▸ **Study material**:
=== Begin Enclosure ===

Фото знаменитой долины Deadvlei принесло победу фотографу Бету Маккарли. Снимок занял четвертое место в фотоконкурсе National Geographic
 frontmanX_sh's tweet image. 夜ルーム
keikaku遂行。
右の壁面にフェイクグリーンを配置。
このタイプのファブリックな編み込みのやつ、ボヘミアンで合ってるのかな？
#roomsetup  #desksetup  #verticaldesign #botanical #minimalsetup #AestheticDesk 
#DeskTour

=== End Enclosure ===

▸ **Exercise requirements**: Each record above needs to be transcribed word for word.

▸ **Written reply**:
Фото знаменитой долины Deadvlei принесло победу фотографу Бету Маккарли. Снимок занял четвертое место в фотоконкурсе National Geographic
 frontmanX_sh's tweet image. 夜ルーム
keikaku遂行。
右の壁面にフェイクグリーンを配置。
このタイプのファブリックな編み込みのやつ、ボヘミアンで合ってるのかな？
#roomsetup  #desksetup  #verticaldesign #botanical #minimalsetup #AestheticDesk 
#DeskTour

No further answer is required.